## ABOUT THIS EXERCISE
Using the material below, set down only the line containing "Praga Family With Parking By Renters" and the lines after it, unchanged.

## STORED DATA
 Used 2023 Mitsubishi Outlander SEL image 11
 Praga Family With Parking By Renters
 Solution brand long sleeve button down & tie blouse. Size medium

## COMPLETED EXERCISE
 Praga Family With Parking By Renters
 Solution brand long sleeve button down & tie blouse. Size medium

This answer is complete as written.